I'm not sure I understand - what do you want the HTML for? Of the 3 cookie files you've sent me, which are you referring to? Assuming you're referring to top.txt, it's just the standard facebook login page. Basically, you send the cookie to the facebook server, the server replies to tell your browser (or in this case, Python) to trash those cookies, as they're not valid, and sends you the login page HTML

fashan7 commented 3 years ago

I have removed the 2FA from this account, which I will send to u via mail. please check. @neon-ninja

neon-ninja commented 3 years ago

What do you get when you run those cookies yourself?
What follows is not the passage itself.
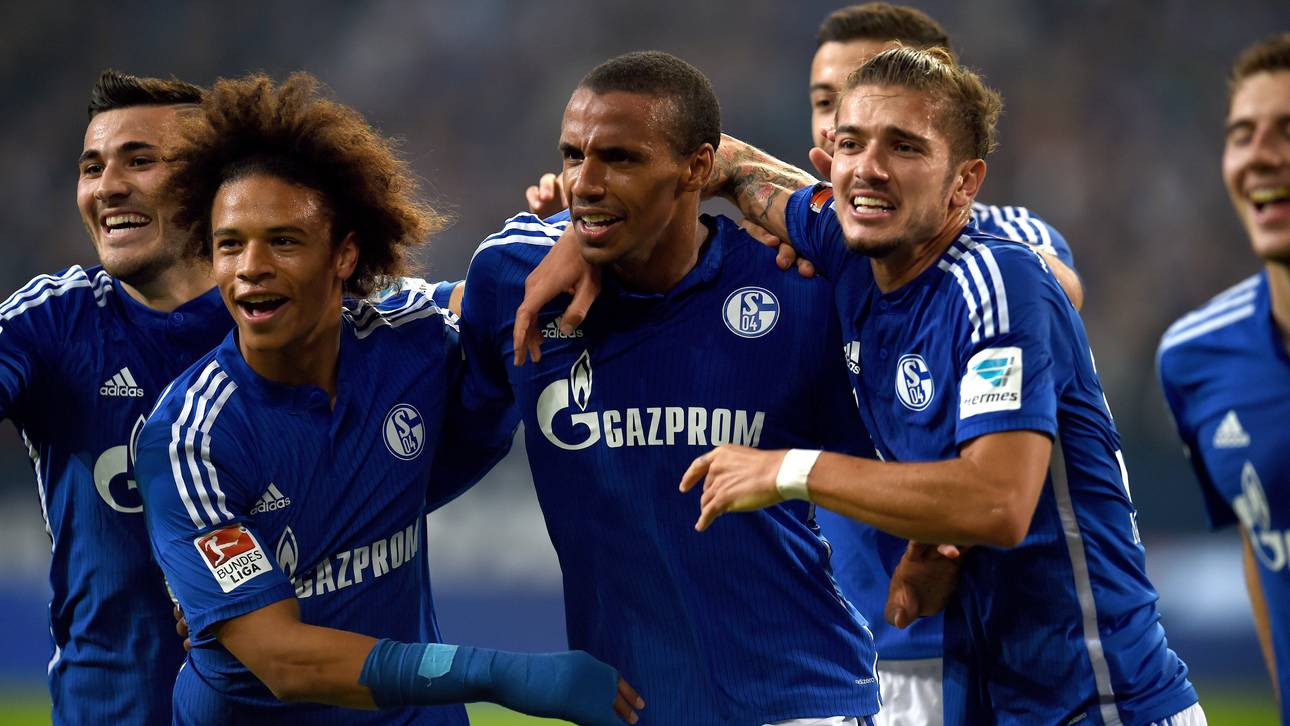 Sanes Solo sichert Schalkes Sieg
fashan7 commented 3 years ago
`>>> for file in ["cookies3.txt"]:
...     set_cookies(file)
...     print(file, _scraper.is_logged_in())
... 
cookies3.txt False`

@neon-ninja

neon-ninja commented 3 years ago

Then that doesn't seem to have helped. Maybe Facebook have somehow flagged your account, such that any time you try connect from a new IP, you're forced to log in again

fashan7 commented 3 years ago

@neon-ninja Hi Is it possible, send a username and password which consists of 2FA A/C? when logged in Facebook will ask the code of the 2FA and passing the code obtained from authentication API/App and set when it required

neon-ninja commented 3 years ago

Also note that you don't technically need facebook-scraper to observe this behaviour, you can just use curl like so:

curl --silent --head --cookie cookies3.txt https://facebook.com/settings|grep cookie
set-cookie: c_user=deleted; expires=Thu, 01-Jan-1970 00:00:01 GMT; Max-Age=-1621542934; path=/; domain=.facebook.com
set-cookie: spin=deleted; expires=Thu, 01-Jan-1970 00:00:01 GMT; Max-Age=-1621542934; path=/; domain=.facebook.com; httponly
set-cookie: xs=deleted; expires=Thu, 01-Jan-1970 00:00:01 GMT; Max-Age=-1621542934; path=/; domain=.facebook.com; httponly

See how facebook says to delete those invalid cookies?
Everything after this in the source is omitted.